Auch die Zulieferer sind von der schwächeren Nachfrage betroffen. Continental etwa stellt sich auf eine sinkende Autoproduktion ein und rechnet deswegen mit weniger Umsatz im Gesamtjahr. Das Unternehmen senkte heute seine Umsatzprognose. Einer der Gründe: In Europa schrumpfe der Automarkt stärker als zu Jahresanfang erwartet. Viele Autozulieferer ächzen unter dem Dilemma, dass die Stückzahlen und die Margen unter Druck geraten sind und sie zugleich in die E-Mobilität investieren müssen.

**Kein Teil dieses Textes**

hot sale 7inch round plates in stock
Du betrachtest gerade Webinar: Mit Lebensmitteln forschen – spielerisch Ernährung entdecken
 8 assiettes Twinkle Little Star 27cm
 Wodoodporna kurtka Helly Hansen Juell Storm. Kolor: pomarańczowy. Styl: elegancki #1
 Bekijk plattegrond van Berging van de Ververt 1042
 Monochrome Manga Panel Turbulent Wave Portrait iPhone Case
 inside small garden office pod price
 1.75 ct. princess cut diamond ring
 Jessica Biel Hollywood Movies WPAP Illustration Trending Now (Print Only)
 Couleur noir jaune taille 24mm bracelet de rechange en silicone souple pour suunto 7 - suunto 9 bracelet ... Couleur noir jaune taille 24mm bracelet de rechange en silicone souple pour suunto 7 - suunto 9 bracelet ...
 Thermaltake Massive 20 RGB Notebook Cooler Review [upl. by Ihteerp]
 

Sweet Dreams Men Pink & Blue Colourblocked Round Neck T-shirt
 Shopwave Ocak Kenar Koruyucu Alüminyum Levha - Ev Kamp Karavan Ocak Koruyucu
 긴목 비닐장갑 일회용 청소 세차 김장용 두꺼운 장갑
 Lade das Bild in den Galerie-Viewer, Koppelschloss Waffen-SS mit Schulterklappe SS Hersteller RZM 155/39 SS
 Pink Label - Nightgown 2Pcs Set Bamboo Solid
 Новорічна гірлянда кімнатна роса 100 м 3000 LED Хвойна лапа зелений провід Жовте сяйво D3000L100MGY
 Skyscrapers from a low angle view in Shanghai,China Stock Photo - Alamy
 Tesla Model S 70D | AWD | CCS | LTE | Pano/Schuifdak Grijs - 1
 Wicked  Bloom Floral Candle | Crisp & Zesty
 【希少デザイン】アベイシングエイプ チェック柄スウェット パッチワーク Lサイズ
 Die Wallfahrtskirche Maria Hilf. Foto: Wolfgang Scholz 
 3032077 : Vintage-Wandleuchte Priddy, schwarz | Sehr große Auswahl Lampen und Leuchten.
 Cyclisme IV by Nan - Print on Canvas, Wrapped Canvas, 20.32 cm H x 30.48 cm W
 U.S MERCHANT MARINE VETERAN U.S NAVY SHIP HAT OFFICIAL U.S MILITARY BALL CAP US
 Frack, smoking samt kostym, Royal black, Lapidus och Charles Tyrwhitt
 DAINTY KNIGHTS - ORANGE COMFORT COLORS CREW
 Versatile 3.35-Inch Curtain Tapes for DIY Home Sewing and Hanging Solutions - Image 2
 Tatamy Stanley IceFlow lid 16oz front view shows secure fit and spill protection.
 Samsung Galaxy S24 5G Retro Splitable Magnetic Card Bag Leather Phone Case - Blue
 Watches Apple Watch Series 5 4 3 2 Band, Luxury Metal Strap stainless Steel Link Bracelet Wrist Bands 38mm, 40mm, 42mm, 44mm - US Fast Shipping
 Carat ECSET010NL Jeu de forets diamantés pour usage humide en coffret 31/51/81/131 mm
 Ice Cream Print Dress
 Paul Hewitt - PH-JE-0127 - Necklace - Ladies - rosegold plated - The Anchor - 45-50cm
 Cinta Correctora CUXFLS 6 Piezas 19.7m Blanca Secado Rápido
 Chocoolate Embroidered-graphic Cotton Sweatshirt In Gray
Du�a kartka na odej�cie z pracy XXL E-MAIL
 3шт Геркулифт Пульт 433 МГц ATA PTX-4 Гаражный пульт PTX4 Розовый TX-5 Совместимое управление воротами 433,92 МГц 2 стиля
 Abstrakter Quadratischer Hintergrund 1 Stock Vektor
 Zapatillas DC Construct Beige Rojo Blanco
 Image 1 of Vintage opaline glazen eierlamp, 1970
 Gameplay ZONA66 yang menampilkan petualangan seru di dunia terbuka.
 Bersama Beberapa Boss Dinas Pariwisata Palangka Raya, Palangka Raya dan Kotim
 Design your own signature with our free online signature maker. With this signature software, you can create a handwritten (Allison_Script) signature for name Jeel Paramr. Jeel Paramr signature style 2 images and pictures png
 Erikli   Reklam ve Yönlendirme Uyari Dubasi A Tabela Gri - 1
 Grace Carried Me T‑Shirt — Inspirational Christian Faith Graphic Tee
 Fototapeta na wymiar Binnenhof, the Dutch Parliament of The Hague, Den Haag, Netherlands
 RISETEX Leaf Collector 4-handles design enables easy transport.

Wie geht es mit der Produktion weiter?
Wie sind die Zahlen zur Produktion unter diesen Umständen zu werten? "Die deutsche Industrieproduktion hat den Einbruch im Vormonat nur zur Hälfte aufholen können. Das spricht Bände", sagte Commerzbank-Chefökonom Jörg Krämer zu den Zahlen. Die Schwäche der konjunkturellen Frühindikatoren legt aus seiner Sicht in den kommenden Monaten keine starke Erholung der Industriekonjunktur nahe.
Auch das Bundeswirtschaftsministerium sieht trotz der Produktionserholung im Juni keinen Grund zur Euphorie: "Auch wenn die Produktionsdaten zuletzt wieder besser ausgefallen sind, deuten die eingetrübten Geschäftserwartungen im Verarbeitenden Gewerbe auf eine weiterhin verhaltene Industriekonjunktur hin." Eine breite konjunkturelle Belebung sei vorerst nicht zu erwarten.
Etwas Optimismus gab es dennoch. "Der gestrige Anstieg der Auftragseingänge in der Industrie sowie die Daten zur Industrieproduktion deuten darauf hin, dass eine gewisse Erholung noch möglich ist", sagte Chefvolkswirt Carsten Brzeski von der ING Bank. Gestern wurde gemeldet, dass auch der Auftragseingang in den deutschen Industriebetrieben war im Juni zum ersten Mal im laufenden Jahr wieder gestiegen war.
Industrie Top, Exporte Flop?
Während aus der Industrie heute entspannende Signale kamen, gab es für den Exportmeister Deutschland dagegen schlechte Nachrichten. So mussten die Exporteure überraschend den bislang stärksten Rückgang ihrer Ausfuhren in diesem Jahr verkraften, weil die Nachfrage aus den USA und aus der EU nachgelassen hat. Die Exporte schrumpften im Juni um ganze 3,4 Prozent im Vergleich zum Vormonat. Es ist bereits das zweite deutliche Minus in Folge: Im Mai war es bereits um 3,1 Prozent nach unten gegangen.
"Die Exporte folgen den schwachen Auftragseingängen der jüngeren Vergangenheit", sagte Ökonom Jens-Oliver Niklasch von der Landesbank Baden-Württemberg. "Das dürfte sich in den kommenden Monaten im Trend fortsetzen."
"Made in Germany" out
Die Nachfrage nach Waren "Made in Germany" sank im Juni gleich bei vielen wichtigen Handelspartnern. Die Lieferungen in die USA brachen um 7,7 Prozent zum Vormonat ein, die in die EU sanken um 3,4 Prozent. Das China-Geschäft wuchs dagegen um 3,4 Prozent auf 7,9 Milliarden Euro.
"Mit Blick auf die Zukunft besteht angesichts der nachlassenden Dynamik sowohl der US-amerikanischen als auch der chinesischen Wirtschaft und der neuen Handelsspannungen nur wenig Hoffnung auf eine starke exportgetriebene Erholung", sagte ING-Chefvolkswirt Brzeski.